Already in 1968 one recognized that the transmission electron microscope could be used in a tomographic setting as a tool for structure determination of macromolecules in a biological sample.
This technique, commonly refereed to as Electron Tomography (ET), has a unique advantage: It is currently the only technique that allows one to study the structure of individual molecules in an amorphous biological specimen, something which is important in order to address several key biological issues in life sciences research. However, in order to truly capitalize on this advantage, one must be able to reliably recover the structure with a resolution that is high enough.
Unfortunately, due to a number of mathematical and experimental problems, it has been difficult to obtain reliable reconstructions unless sophisticated reconstruction methods are employed, and such methods are not routinely used within the three-dimensional electron microscopy community. This in turn has lead to a situation where most applications of ET in structural biology are confined to the study of cellular substructures rather than studying individual small molecules (''small'' in this context refers to protein molecules of size smaller than 200kDa). Moreover, ET is still considered as an emerging technology within structural biology.
The above mentioned experimental and mathematical problems have been (and still are) responsible for the slow dissemination of ET as a reliable structure determination technique in life sciences. The former issue is partly addressed by the rapid technological development in sample preparation and instrumentation, and currently state-of-the-art instrumentation allows one to routinely collect high quality tilt series that can be used in ET. Unfortunately, the same can not be said for the development of mathematical methods and algorithms that addresses those issues that are related to the high noise level in the data and the severe instability (ill-posendess) of the reconstruction problem. Hence, to utilise ET to its full potential, one needs not only to have access to good instrumentation, but also make full use of the physics models and mathematics used in the structure recovery step.
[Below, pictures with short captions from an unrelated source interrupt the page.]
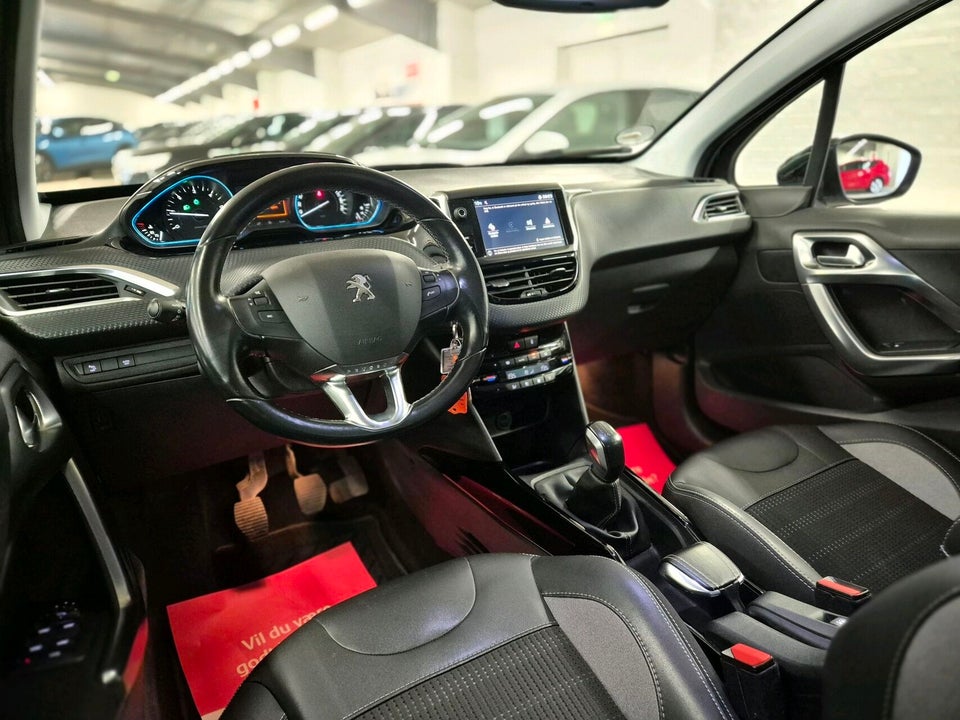 Peugeot 2008 1,5 BlueHDi 100 Prestige Sky 5d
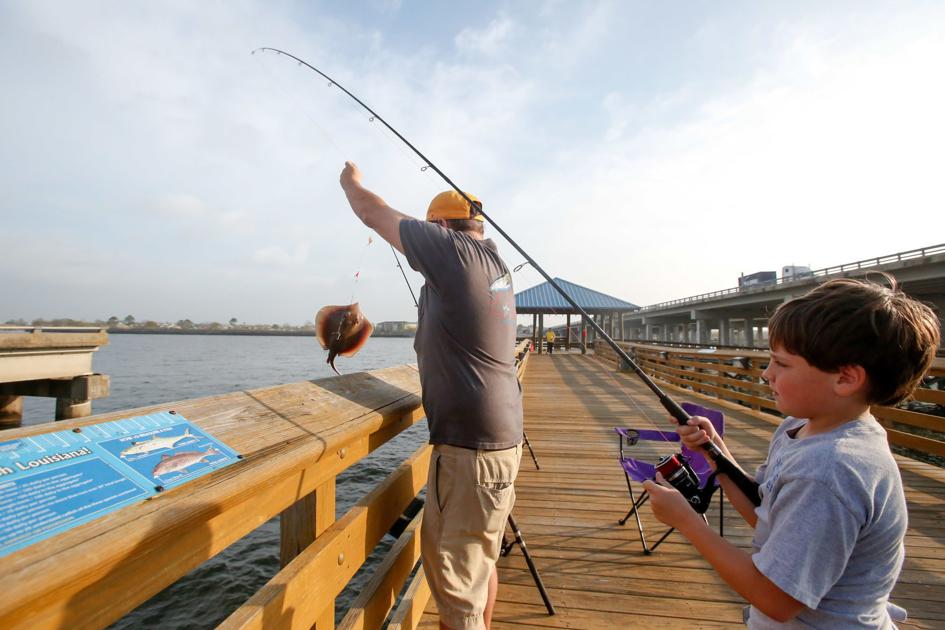 Algae bloom in Lake Pontchartrain forces closure of parish fishing pier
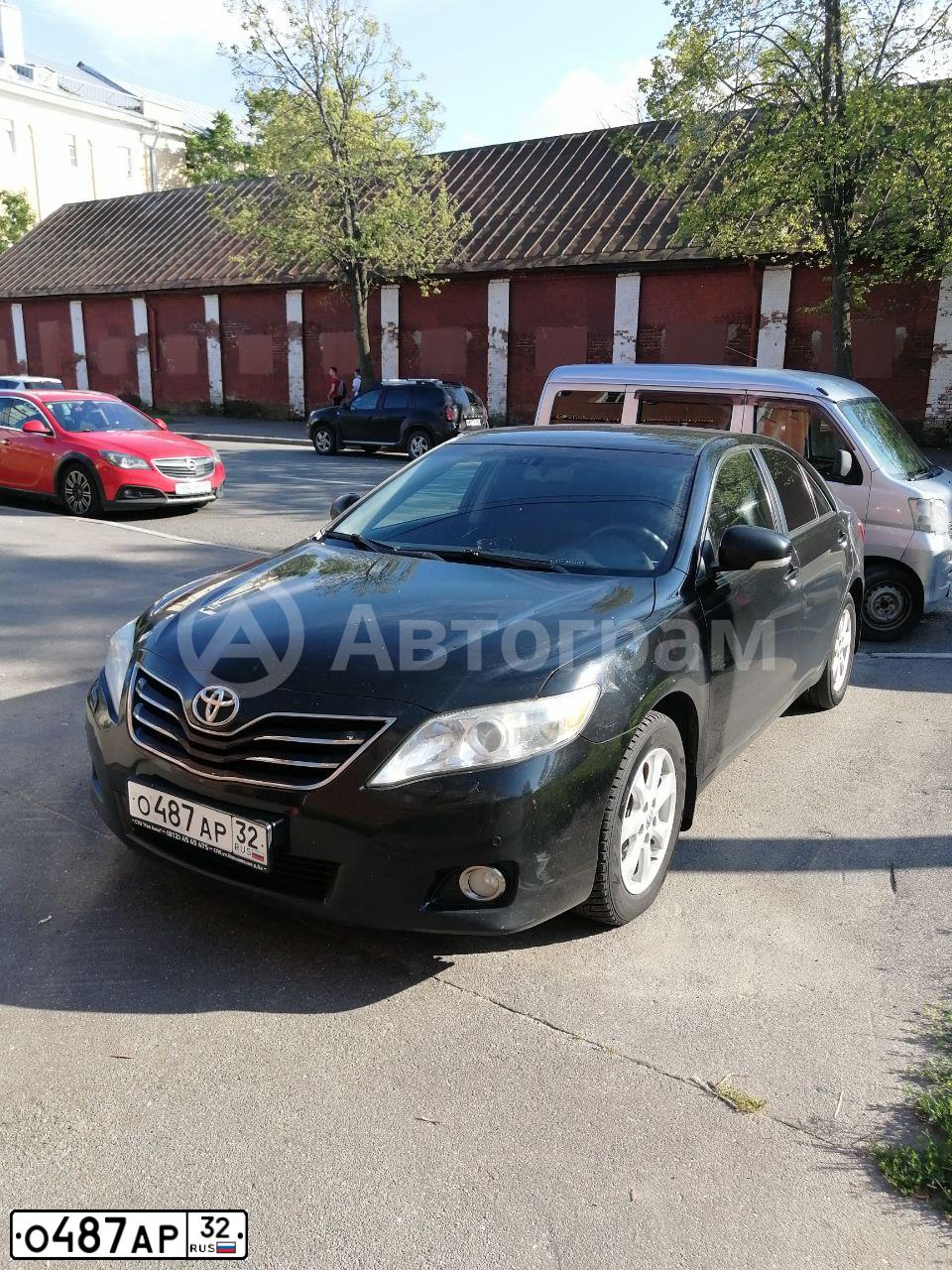 Фото автомобиля TOYOTA CAMRY, 2011 — госномер О240ЕТ198. Цвет: ЧЕРНЫЙ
To make full use of the physics models and mathematics requires an highly interdisciplinary scientific research effort. It turns out that there are a number of open mathematical research problems that needs to be addressed. These are of both numerical as well as theoretical (conceptual) nature. This involves expertise from the mathematics of tomography (integral geometry), the mathematics of stable and efficient computations (numerical analysis, regularisation theory, and harmonic analysis). Moreover, a careful modelling of the physics of electron-specimen interaction and the optics in the microscope is required to be able to recover structures of molecules at high resolution. This in turn involves expertise from quantum scattering theory and quantum wave optics. Furthermore one needs expertise in software development for large scale scientific computations and visualisation as well as image processing. Finally, if one seeks to obtain the highest possible resolution while maintaining the reliability, the methodological developments mentioned above all need to account for part of the prior knowledge about the sample from structural biology (e.g. antibody structure and dynamics), cell biology, and bio-informatics.
It is rather clear from the previous paragraph that it is highly undesirable to attempt at pursuing such an interdisciplinary research effort in-house. Therefore, Sidec believes that methodological development in ET is s best pursued with the academic community in an open fashion. Therefore, these academic collaborations do not focus on the commercial side of Sidec's activities, but rather the focus is on developing the necessary mathematics, algorithms, models from physics and software components in order to make optimal usage of ET as a reliable structure det method within structural biology.